In this equation, RS represents the corrected slope of the ith measuring point in the specified road section area; n is the number of measuring points within the road section area (≥11 m, measuring point interval 0.25 m) for which the smoothness value is to be calculated. From equation (2), it is known that the minimum interval for IRI calculation must be greater than 10 m. In some practical applications, there is a desire for an IRI with a 10 m interval. However, according to the principle of IRI calculation, a 10 m IRI is meaningless. Generally, an average method is used to obtain it, rather than the actual IRI within 10 m.
Additionally, in measurement methods based on inertial reference, if high-frequency (such as 64kHz) laser distance sensors are used, the measured longitudinal profile data of the road can also be used to measure pavement texture depth, pavement 3 m moving mean square deviation, and pavement wear, significantly reducing investment.

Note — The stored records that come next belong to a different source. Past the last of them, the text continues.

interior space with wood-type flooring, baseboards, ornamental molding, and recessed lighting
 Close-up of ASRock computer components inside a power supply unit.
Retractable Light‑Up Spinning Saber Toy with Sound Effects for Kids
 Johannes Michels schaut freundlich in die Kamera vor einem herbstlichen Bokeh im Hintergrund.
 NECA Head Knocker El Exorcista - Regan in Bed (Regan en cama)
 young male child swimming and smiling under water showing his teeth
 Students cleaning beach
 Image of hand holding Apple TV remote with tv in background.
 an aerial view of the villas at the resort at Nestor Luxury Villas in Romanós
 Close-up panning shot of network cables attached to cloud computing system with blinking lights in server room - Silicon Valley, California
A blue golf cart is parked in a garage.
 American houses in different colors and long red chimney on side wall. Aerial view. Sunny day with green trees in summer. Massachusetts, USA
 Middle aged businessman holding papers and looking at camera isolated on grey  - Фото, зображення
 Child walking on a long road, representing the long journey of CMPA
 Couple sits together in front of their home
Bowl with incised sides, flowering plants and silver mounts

Although existing equipment can meet the needs of rapid smoothness measurement, these devices are all designed and developed based on the detection conditions of high-grade highways. They almost all assume that continuous detection is carried out at high speeds and at a constant speed. With the increasing traffic congestion, non-constant speed conditions during detection will become common. Zhou Xiaoqing [4] verified the mathematical analytical formula derived from the typical wavelength of the road surface and obtained a relationship diagram between the International Roughness Index (IRI) and speed. Through analysis, it was found that the relationship between IRI and the measurement speed V is not a monotonic increase; its trend is related to the speed and the wavelength of the road unevenness, controlled by the vehicle's system natural vibration frequency. IRI forms resonance near the two system natural vibration frequencies of the 1/4 vehicle model (7.16 s-1 and 66.15 s-1), reaching a local maximum. To better adapt to actual traffic conditions, researching the impact of pavement roughness wavelength, measurement speed, and speed changes on the acceleration integral will help further improve the measurement method and data processing algorithms.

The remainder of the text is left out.